Print Reviews

The Death of Vishnu

by Manil Suri

Norton

“dov”

Manil Suri’s first novel, The Death of Vishnu, is an interesting and captivating novel that combines the rich elements of Bollywood and Hindu mythology with a narrative worthy of Dickens. Sometimes the novel is very funny in its exploration of social airs and keeping up appearances, and at other times deadly serious when contemplating the implications such attitudes may have on others. At the same time, the novel serves as a rich allegory and exploration through the Hindu and Muslim faiths, through spiritual quests, and the nature of love and longing.

The novel begins with Vishnu, the apartment building’s handyman, lying near death on the stairs. Unconscious, he remains a passive object subject to the designs proposed by the other residents of the building. This leaves two families, the Pathaks and the Asranis, to squabble amongst themselves who will pay for the ambulance.

Case studies in social climbers and status seekers, the Pathaks and Asranis continue to harbor grudges and resentment against one another as their pettiness reaches new levels while a man lies dying on the steps. However, this scene could just as well as taken place in Atlanta as London. The particulars are not important, as this is human nature at its most base and revolting elements.

While the two families bicker, we recall the various ways Vishnu has taken advantage of the residents in the past. Stealing their car or inflating the prices of objects he has been sent by them to retrieve, and yet, as Vishnu reminisces, it all becomes perfectly clear. As does the moments when Vishnu reminisces on his times playing with the children in the apartment flat. Children who at one time treated him as a playmate and then came to realize their social status above him.
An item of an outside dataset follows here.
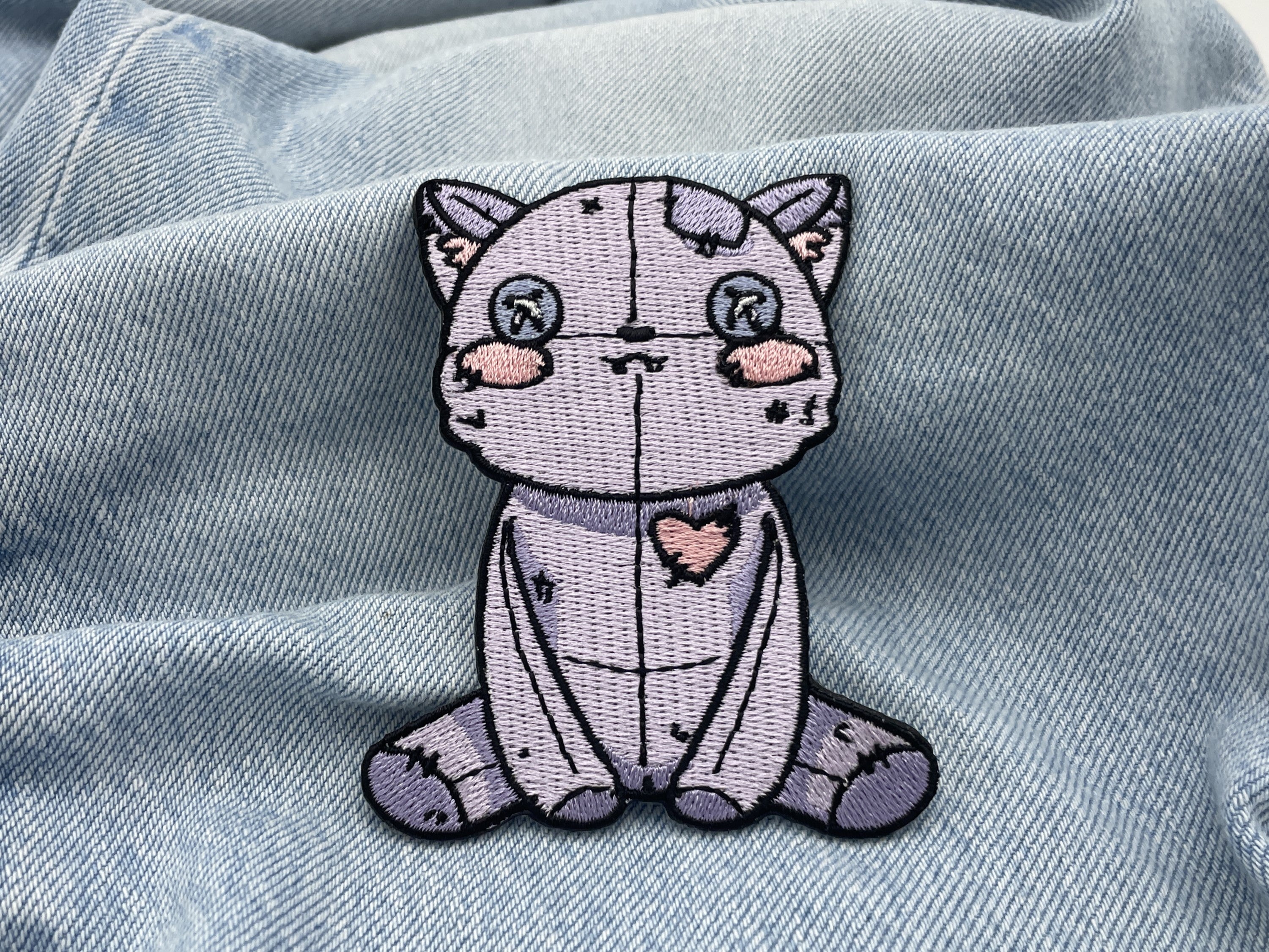 Vodoo Katze Patch auf hellblauer Jeans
Vishnu, the sometimes drunken and mischievous handyman, is also a man filled with desire and unrequited love. As the narrative flashes back and forth between the present and Vishnu’s past, we encounter Padmini, the prostitute that Vishnu is in love with. The prostitute that Vishnu would do anything for, but who ultimately remains elusive to him. Reminiscing, he recalls the time that he brought Padmini a basket of mangoes and lathered her body with its seed and wet pulp:

“He tastes her neck first. It is sweet with mango, salty with sweat. He moves downward, capturing the dabs of pulp with his mouth, lingering at each nipple, stopping to sip the liquid collected in her navel. She gets saltier as he descends, and more aromatic, as if the mango is mixed with something pungent in the earth from which it has sprung. As he enters her, his tongue encounters a sweetness not encountered before in these folds. Lured by the sweetness, he dives in deeper, and then deeper still. Probing, caressing, tasting, but never retrieving, the tiny nugget of mango he knows is nestling there. So many earthly ways to enjoy mangoes. Vishnu is loath to give them up.” (197)

As the novel progresses, Vishnu continues his recollections and memories of his life as his soul leaves his body and moves up the stairwell up the building. Each landing brings new occupants and new stories to tell. Together, their stories and Vishnu’s story intertwines until the soul of Vishnu wonders to himself if he is, in fact, the god Vishnu from Hindu mythology.

The next landing brings him to the flat of the Jalals. Mrs. Jalal, a devout Muslim has concern and wonder of the strange changes affecting her husband. As the story progresses, we learn that Mr. Jalal is not the man he seems to be, but is in fact a seeker looking for spiritual truth. A man drawn to the self-flagellation of various penitents who wander the streets of Bombay, but he himself remains a man incapable of suffering any physical discomfort. If the Pathaks and Asranis represent the deluded in the quest for material comfort, then Mr. Jalal represents the fool seeking wisdom. In the end, what he is seeking for and what he receives are two different things. The result is one that costs him dearly. But it is also a lesson that informs Vishnu’s progression up the stairwell and into the night.

Passing by the Jalals flat, Vishnu comes to the flat of Vinod Taneja. The story recalled here of Taneja and his wife is one of the most moving stories in the book. If in no other place in this novel does Manil Suri demonstrate his skill as a storyteller, it is here. The Taneja’s story reveals the depth and longing one man feels for his wife and the strange manner grief and longing may turn bittersweet.

At its finest, The Death of Vishnu captures those elements that inform and define the spiritual elements of life. This novel contains richly drawn characters and highly developed stories that are at times comic and at other times tragic, sometimes within in the same paragraph. This is a moving novel from an inspired and talented author.